====== MATERIAL PROVIDED ======
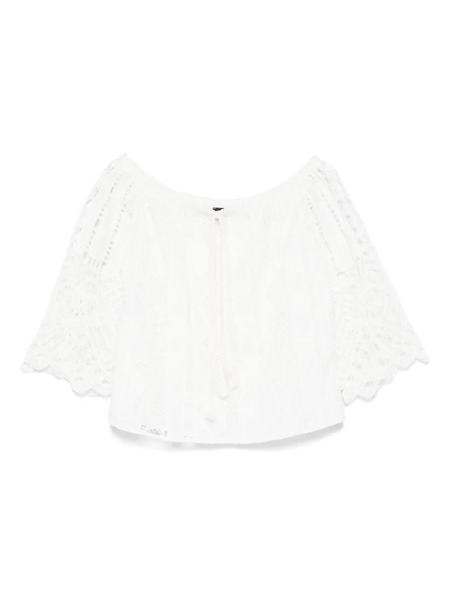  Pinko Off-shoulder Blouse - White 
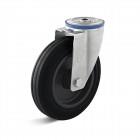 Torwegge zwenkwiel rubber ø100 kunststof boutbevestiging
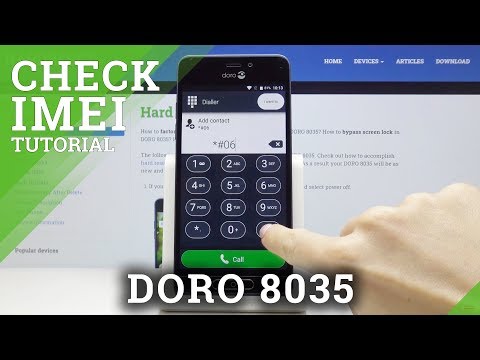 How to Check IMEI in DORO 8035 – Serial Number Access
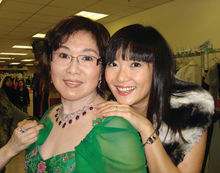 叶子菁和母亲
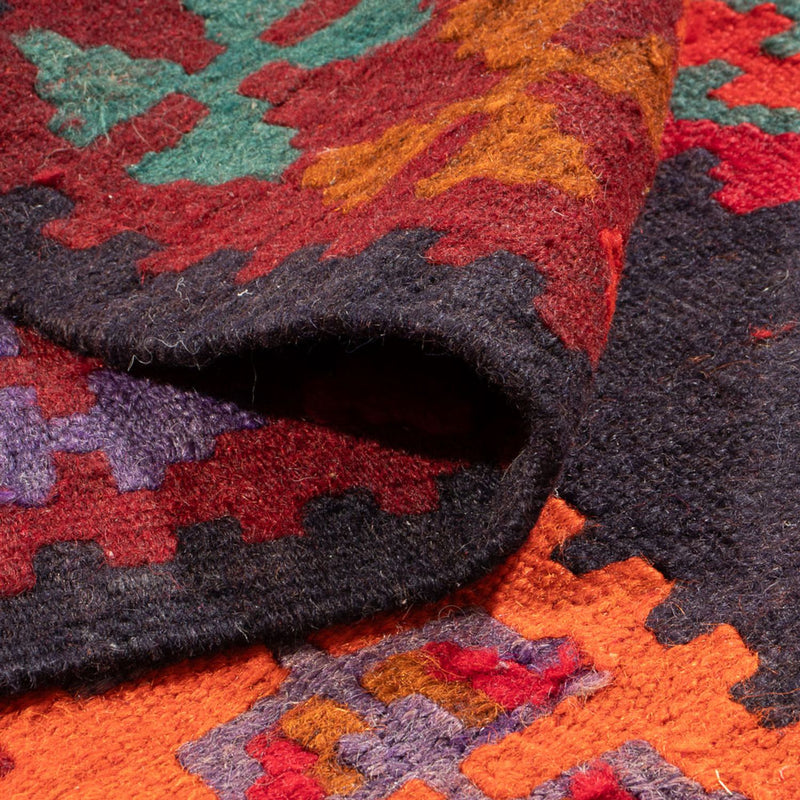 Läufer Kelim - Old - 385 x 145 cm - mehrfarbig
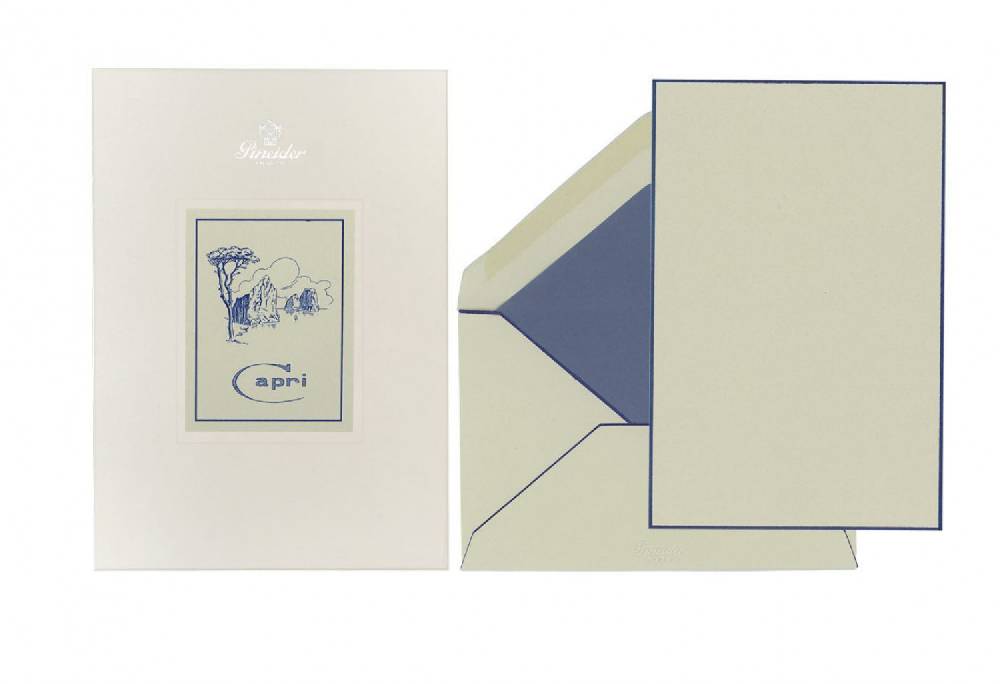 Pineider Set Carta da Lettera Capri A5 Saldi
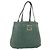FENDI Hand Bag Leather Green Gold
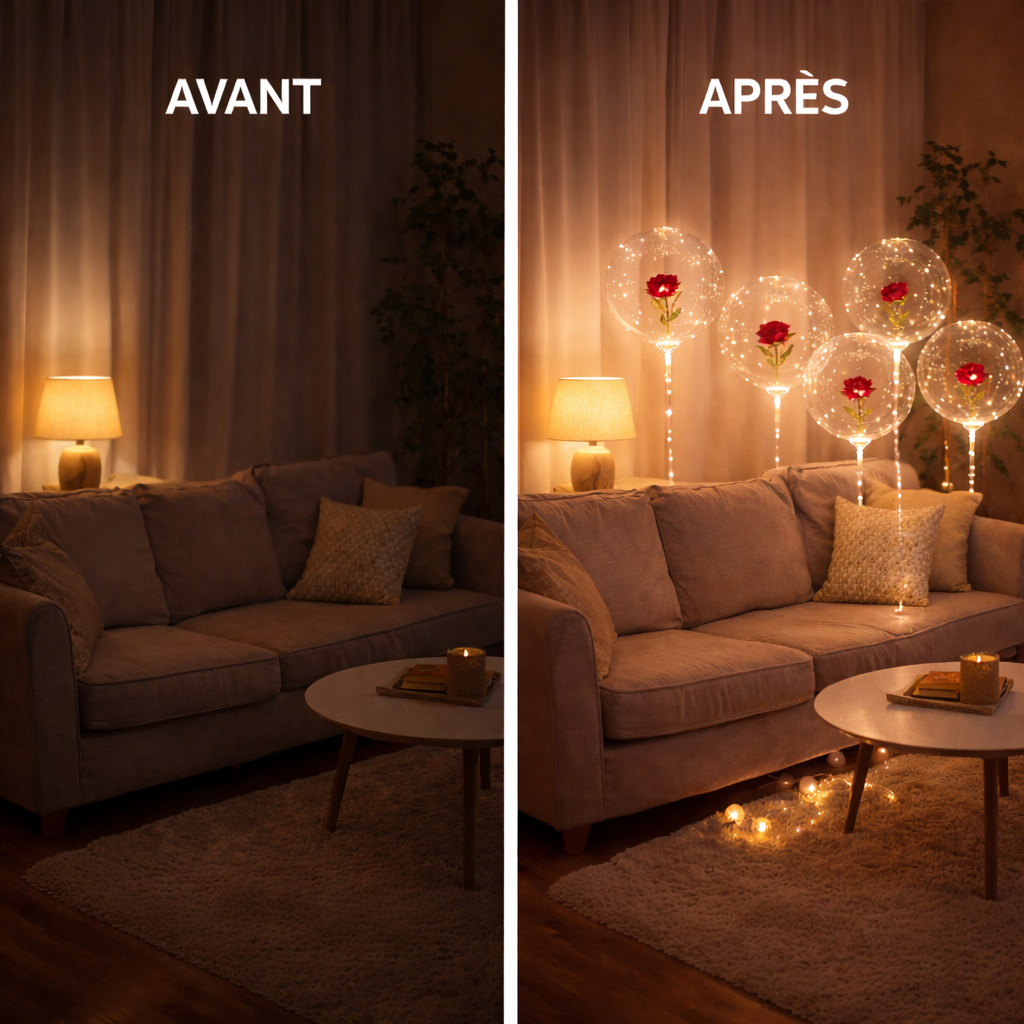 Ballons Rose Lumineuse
======
> [WORK TO COMPLETE]:
Your copy should match the data exactly, apart from the images, which are dropped.

> [REPLY]:
  Pinko Off-shoulder Blouse - White 
 Torwegge zwenkwiel rubber ø100 kunststof boutbevestiging
 How to Check IMEI in DORO 8035 – Serial Number Access
 叶子菁和母亲
 Läufer Kelim - Old - 385 x 145 cm - mehrfarbig
 Pineider Set Carta da Lettera Capri A5 Saldi
FENDI Hand Bag Leather Green Gold
 Ballons Rose Lumineuse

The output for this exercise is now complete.